Woo, went away for a week and didn't have internet. Anyway, here is the long-awaited (by nobody) follow-up to the first part of my discussion of why I think the film The Adventures of Tintin works as an adaptation of the comics.
In brief, I would describe the appeal of the Tintin comics as being fun adventure stories, which, despite their violence, manage to convey a sense of idealism and innocence. They're not too serious, but they're exciting and action-packed.
The movie was that. Combining the plots from a few of the comics, mostly The Secret of the Unicorn and The Crab with the Golden Claws, it was a brilliant representation of the essence of the comics. The characters were played perfectly; Tintin, the young, fresh-faced and innocent do-good hero; Captain Haddock, the sad drunken mess who's occasionally able to pull himself together and be useful, and of course we all love him anyway because drunk people are funny; Thomson and Thompson, the determined idiots; seeing the movies was seeing all of these characters from my childhood get up and live. It was awesome. There were fangasms to be had by all.
I was worried about the CGI at first. I mean, it looked pretty weird when I first saw pictures of it. However, it ended up working pretty well. In fact, I think it's about as close as you could come to reconciling the cartoony and the realistic without some serious nightmare fuel occurring. It managed to somehow both look natural when paired with the realistic backdrop and also capture the distinctive art style of the comics.

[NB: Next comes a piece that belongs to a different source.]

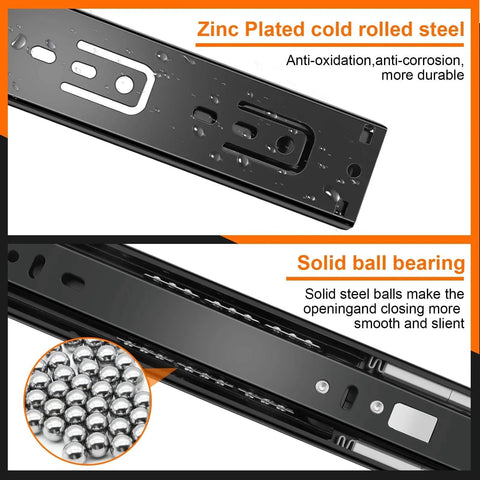 Close-up of zinc plated steel and solid ball bearings for 18 inch Drawer Slides 6 Pairs Soft Close 3 fold Full Extension Side Mount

The story was fast-paced and fun. It combined the plot of The Crab with the Golden Claws, where Tintin meets Captain Haddock and busts a ring of opium smugglers, with the plot of The Secret of the Unicorn, where Tintin and Captain Haddock find model ships and end up finding a map to the Captain's ancestor's treasure trove. I might nitpick **spoilers for book and comic** that the movie rather ruined the twist ending of the sequel to SoTU- in the comics, a whole book is devoted to finding the three ships and getting the map, and then there's another where they get a ship and sail out to the coordinates on the parchment. At the end, they go home and then realize that the treasure was hidden in Marlinspike Hall the entire time. In the movie, they skip the sea voyage. It's unfortunate, but at the same time I understand that the movie had to have a happy ending and they didn't really have time to add in a whole nother book's worth of stuff.
I have a few minor nitpicks of this sort that aren't really nitpicks because I can see why they happened. For example, I feel like something was lost without Snowy's snarking, but I'm eternally grateful that he didn't talk in the movie, because what works in a comic might not work in a film and Snowy talking would have been pretty stupid.
One thing I thought was a bit dumb, though, was some of Captain Haddock's characterization. I mean, he was still his fabulous drunken asshole of a self, but what I'm talking about was his whole 'last of the Haddocks' thing. It just seemed a tad forced. Dramatic dialog is hard to pull off without sounding dumb, I guess.
Great movie, though. You can tell that the people working on it knew their Tintin. There were so many references to the comics snuck in there, I'm not even sure that I got them all. Some were actually fairly subtle.
Best part of the movie by far? The absolutely glorious chase scene at the climax of the movie. It was just one long pan, no cuts, incorporating car chasing, a falcon, lots of mayhem and a rather obscure shoutout to one of the comics that I just barely managed to catch. (Seriously, that movie is just one big easter egg hunt for fans.)
So, enough with the fangirling. Basically, perfect tone, perfect look, perfect adaptation. FC out.